Print, word for word, the line containing "Double Room |" and all lines beneath it to the end of the entries below. Pictures do not belong in the copy.

▬▬▬▬▬▬▬▬▬▬

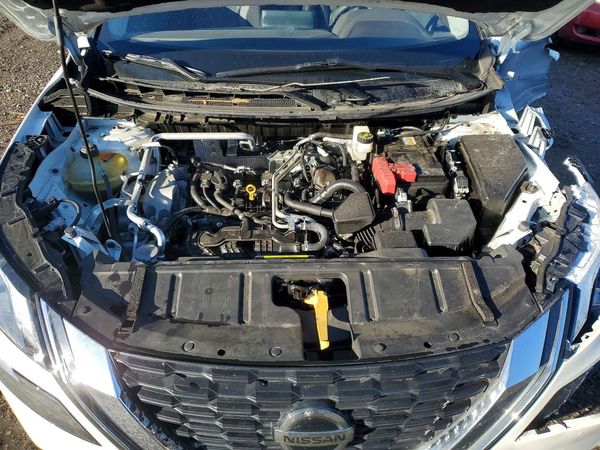 2021 NISSAN ROGUE S — Engine bay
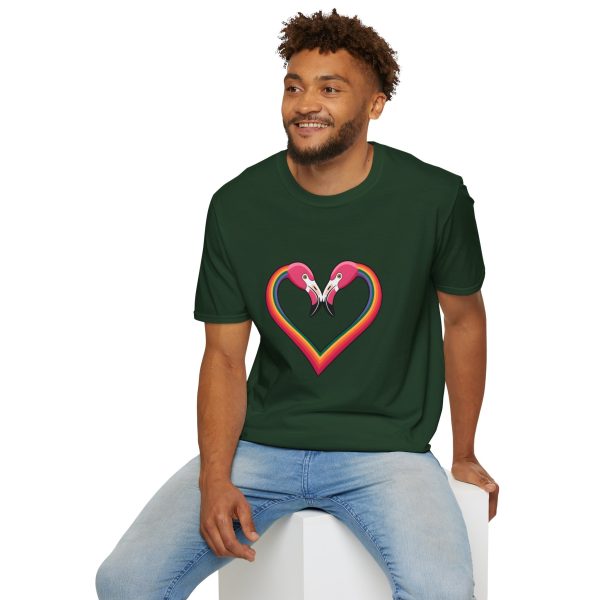 Tshirt Drapeau LGBT flamants roses en forme de coeur fond noir design romantique et symbolique pour célébrer l'amour LGBTQ+ t-shirt - Image 84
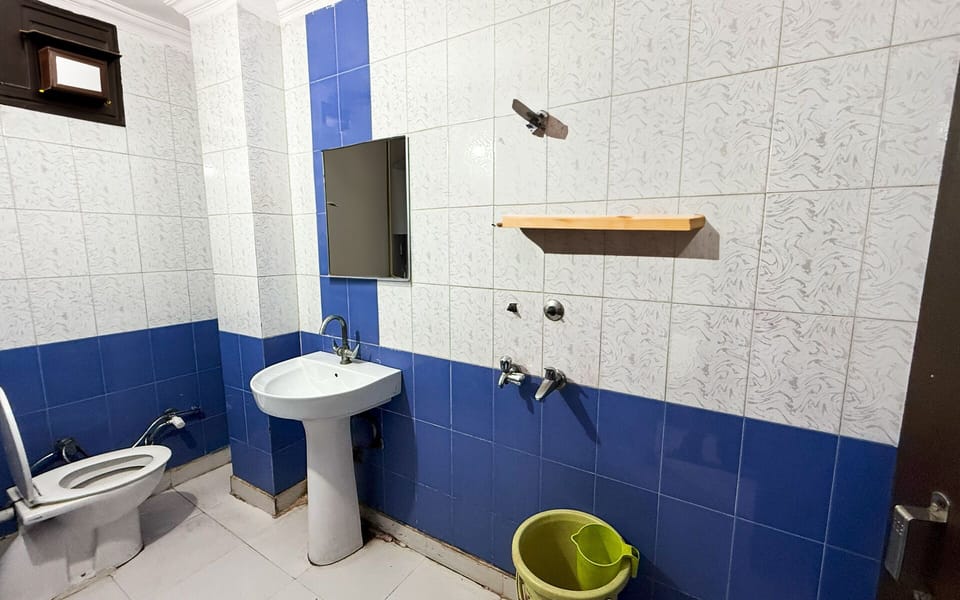 Double Room | Bathroom | Towels, soap, shampoo, toilet paper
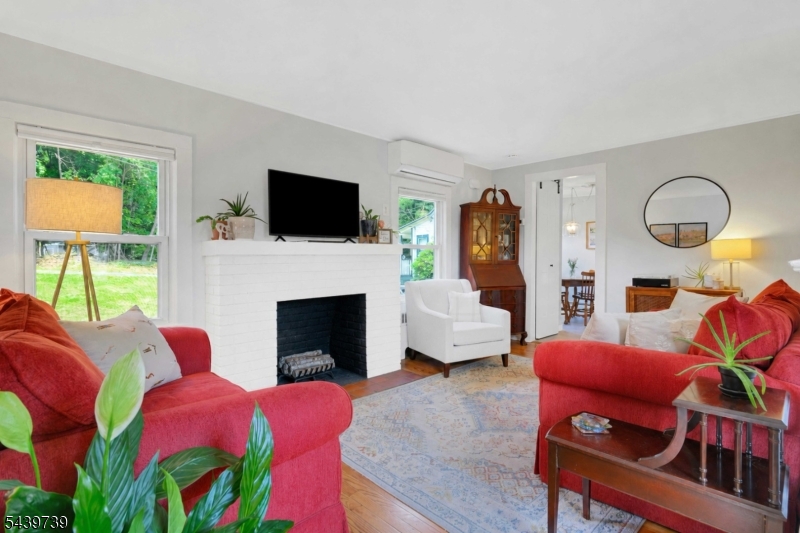 4 Lakeview Ave Property Photo 6
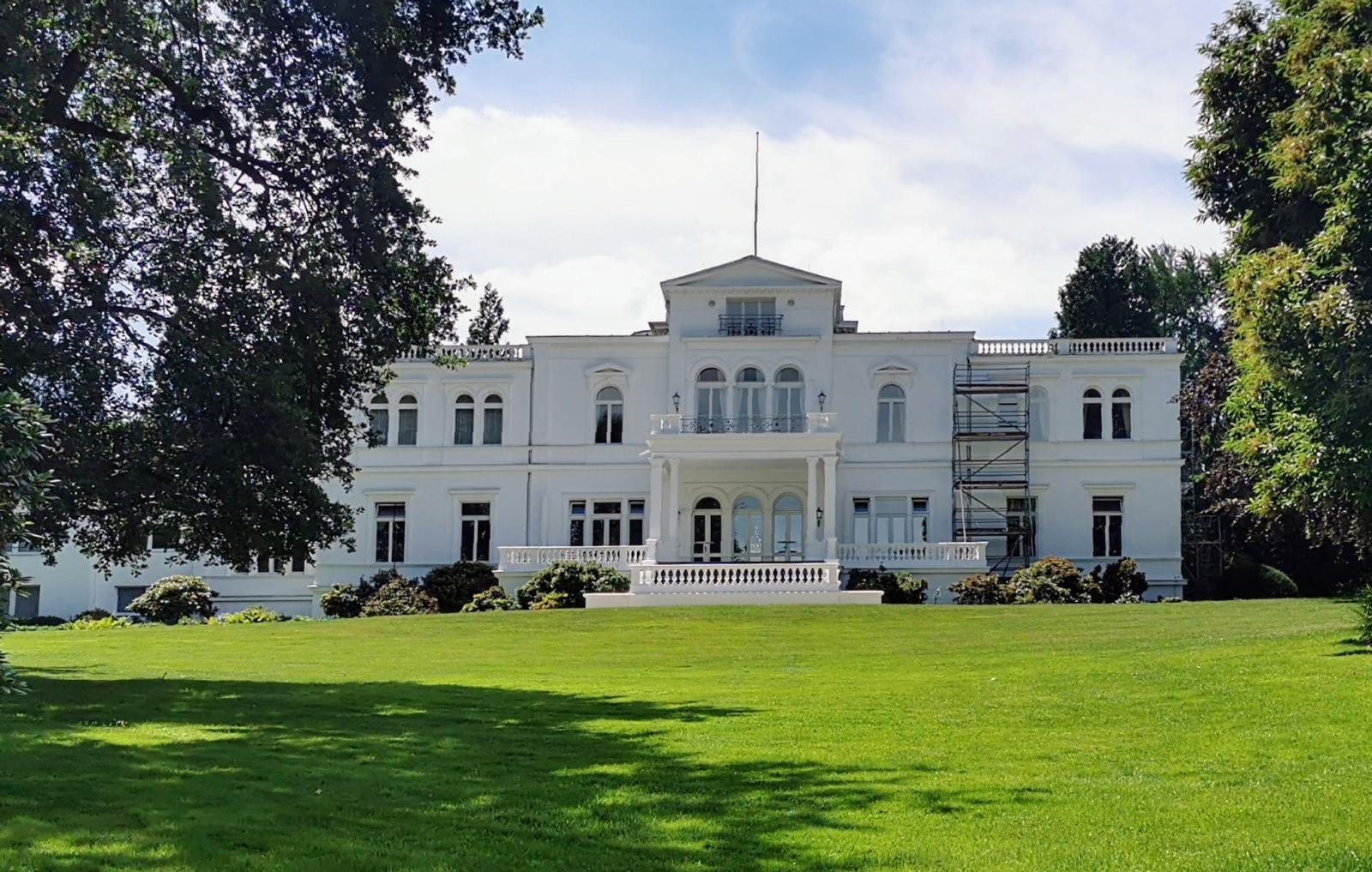 Die repräsentativen Gartenseite der Villa 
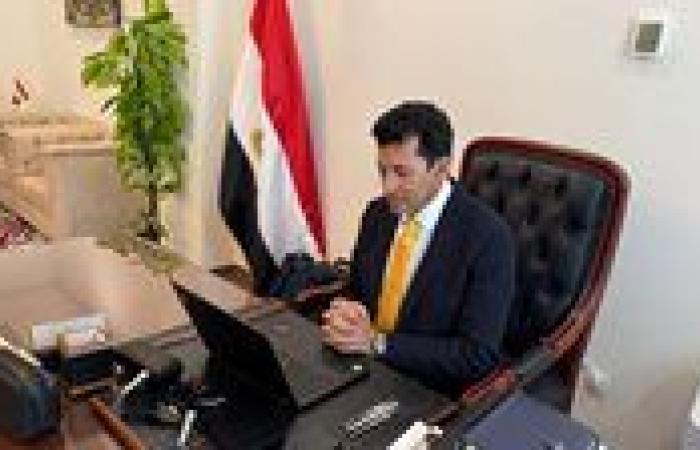 وزير الرياضة يتابع استعدادات إطلاق مبادرة "الكيانات في الشارع"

▬▬▬▬▬▬▬▬▬▬

- _WRITTEN REPLY_
 Double Room | Bathroom | Towels, soap, shampoo, toilet paper
 4 Lakeview Ave Property Photo 6
 Die repräsentativen Gartenseite der Villa 
 وزير الرياضة يتابع استعدادات إطلاق مبادرة "الكيانات في الشارع"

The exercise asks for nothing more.